Spanish Conquest
Cobblestone American History Magazine for Kids|March 2023
The promise of gold and a sea route to India. Those were the two J main reasons why Spain's King Ferdinand and Queen Isabella backed Christopher Columbus's voyages.
Elizabeth Howard
Spanish Conquest

Columbus made four journeys across the Atlantic Ocean between 1492 and 1502. But instead of finding a trade route to India, he landed in the Americas. Thinking it was India, he called the land "the Indies" and the people there "Indians." Sailing from island to island in the Caribbean Sea, he claimed them for the Spanish king and queen.

More than 1,000 years earlier, the Indigenous Taino people had migrated from the northern coast of South America and settled on a number of those Caribbean islands. They lived in small villages, groupe by clans and ruled by a cacique, or male chief. Their society was matrilineal and agricultural.
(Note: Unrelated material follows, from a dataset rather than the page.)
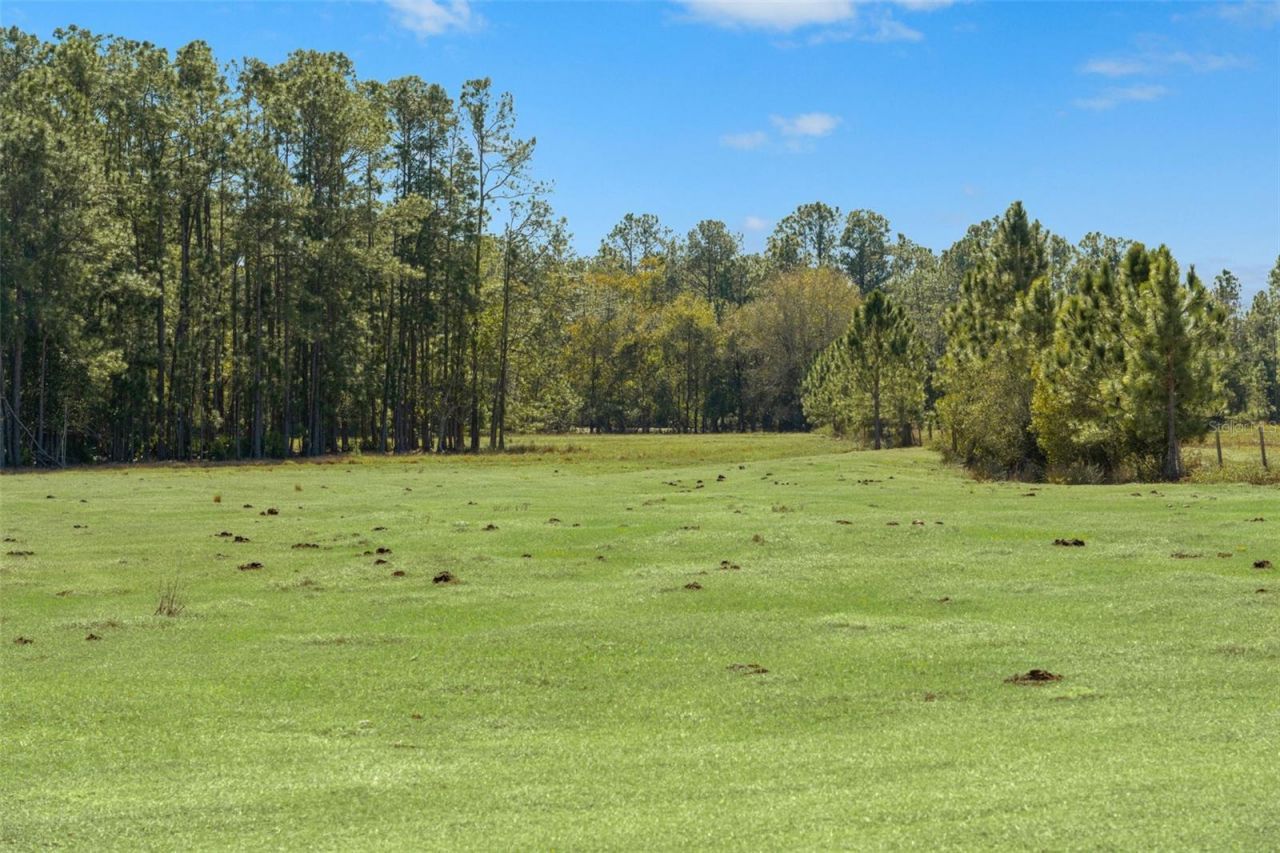Lake Erie Road, Groveland, FL 34736 Photo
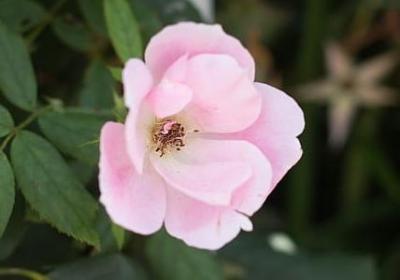 优雅的句子伤感(热门69句)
Women made decisions related to families and local Taino village groups. Women also grew crops of pineapples, cassavas, and sweet potatoes, while men hunted and gathered seafood.
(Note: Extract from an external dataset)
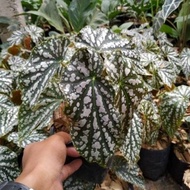 Tanaman hias begonia-begonia pulkadot silver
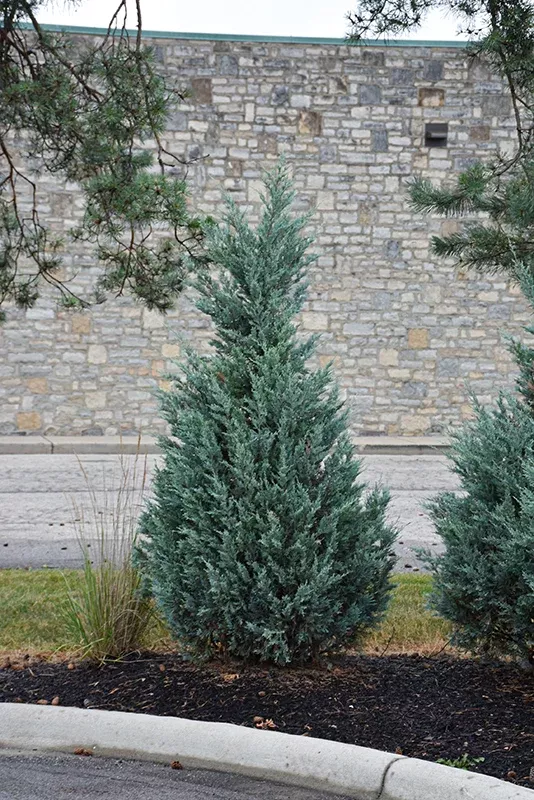 Blue Point Juniper - Juniperus chinensis 'Blue Point' - 5 Foot Ball & Burlap Tree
Columbus noted in his journal that the Taino "... are the best people in the world, and above all, the gentlest." Assuming they had no religion of their own, Columbus declared that "they would easily be made into Christians." Roman Catholicism was the official religion in Spain, and Spain's rulers hoped to spread their religion to their colonies. Columbus also made a darker observation. With little effort, he thought, "All the inhabitants could be taken away to Spain, or made slaves on the island."

Everywhere Columbus explored, he asked where he might find gold. The Taino people freely gave the bits of gold that they wore to the Spaniards. But it wasn't until Columbus landed on present-day Hispaniola that the Spanish found quantities of the precious metal. That discovery led to the destruction of the Taino people and their way of life throughout the West Indies.